Franck Giovannini, from the Restaurant de l’Hôtel de Ville de Crissier in Switzerland. He works with elements, flavours and tastes like no one else. His restaurant has been named Best Restaurant in the World – a magical moment. This is excellence and it’s what we are looking for in our jobs, to create a magical moment for our guests, without any wrong note.
Can you share any secrets with our readers for cooking at home?
The only advice I can give is to do everything with love and passion, to choose fresh and seasonal products, and to avoid frozen food!
How do you tackle the issue of sustainability in your kitchens?
This is very important, for a chef to respect nature and the seasons. We have a kind of power in our hands, to make people understand the importance of respecting the season (no strawberries in January, no tomatoes in winter etc.). We have to consider climate change. As a chef, I have to work hand in hand with our producers. We are lucky, at Brach we have our own vegetable garden on the roof, so we use aromatics herbs from there, and we do our own compost. We try to have a professional conscience and an environmental conscience.
What’s the most important lesson you’ve learned?

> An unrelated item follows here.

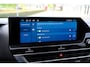 Citroën E-C4X Ë-C4 X Feel Pack 50 kWh Aut. Navi|CarPlay|Cam|LMV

You can’t succeed on your own, it’s an obligation and a duty to share your knowledge with your team. It allows evolvement, and for you to always challenge yourself, otherwise you stay fixed and you can’t improve yourself. My advice would be, choose this job due to passion, not because you have to. It’s an amazing job, a difficult job, full of pressures, but also full of joy and emotion. It’s important to follow your team, and to transmit all that you know. Stay positive for your team, allow them to evolve and evolve with them, it is your responsibility as a Chef. I used to tell them: one team, one dream!